Los once pasos

lunes, 5 de octubre de 2015
El ímpetu no determina la victoria pero sí enaltece la derrota

Ahí está, de pie, a once pasos de la portería. En la raya, espera tranquilo el cancerbero, espera con la serenidad que da el haber ganado muchas batallas, su mirada muestra respeto pero no se inquieta, reconoce a su rival, un joven valeroso, que sin aspaviento alguno toma el balón, con la gallardía con la que debe conducirse hacia el gol.

Descansa el balón sobre el manchón de aquel hermoso campo de futbol, la gente entusiasmada grita, brinca, alienta al cobrador, el muchacho está decidido, todo el estadio se ha dado cuenta de eso, voltea a la banca, ve al entrenador, su mirada le recarga de fuerza.

Todo mundo ve al entrenador en su papel, el más hermoso de los hipócritas; muere de miedo, pero le transmite confianza. La euforia gana terreno, los compañeros de equipo se toman las manos, sudorosas, temblorosas, pero no pierden vigor; el ambiente crece, el estadio enloquece. Los rivales yacen cansados, derrotados, han puesto su última esperanza en el mejor del equipo:  su portero; aquel tipo de la mirada dura que te violenta, pero te descansa; solamente él es capaz de salvar a su equipo.
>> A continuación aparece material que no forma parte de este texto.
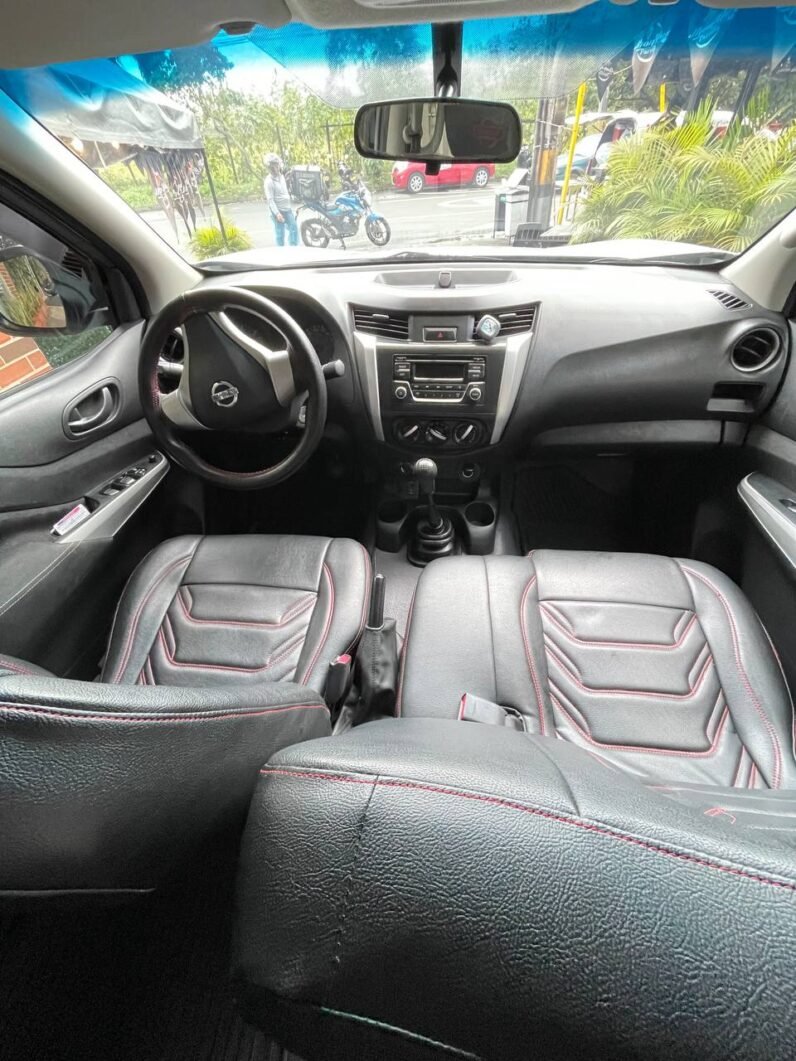
								NISSAN FRONTIER NP300 2.5 DIESEL  MT 4X4 full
El muchacho se perfila, cierra los ojos esperando el silbatazo del árbitro, respira hondo, exhala y  lanza todo su espíritu, corre firme hacia el balón, es la carrera más importante de su vida. Segundos después de haber pateado terminará el partido, el resultado por ahora es incierto, el chico no se detiene, cada pisada estremece el césped, una tras otra, la gente a la expectativa se estruja entre las entrañas, el chico patea, es un perfecto disparo, fuerte, raso y colocado como decían los dioses de aquel rectángulo, el balón avanza brutalmente hacia la portería, el estadio apunto de expulsar todas sus frustraciones en una sola palabra, solo un suspiro, era imposible que aquel disparo no entrará, no había explicación, el chico atónito vio la perfecta figura del portero estirarse, la postal era espectacular.

Portero y cobrador intercambian miradas, asienten las cabezas, tienen un lenguaje secreto para reconocerse uno al otro la perfección de lo que acaban de hacer, termina el partido. Arquero y pateador estrechan las manos, no es un saludo, es un apretón fraternal, es el código para hacer las paces. El chico camina hacia la banca, decaído pero con la cabeza en alto, la afición se le entrega, corea su nombre y rescatan sus penas haciéndolas suyas.

El entrenador lo abraza y lo protege con las siguientes palabras:” Habrá más penales por cobrar hijo, no te preocupes, es tan solo un partido de fútbol”. A la distancia el arquero le rinde tributo con una dulce sonrisa, de aquellas que te descansan.
El estadio luce imponente, en paz, sin luz, sin gente.

A tu memoria pequeño cobrador de penales.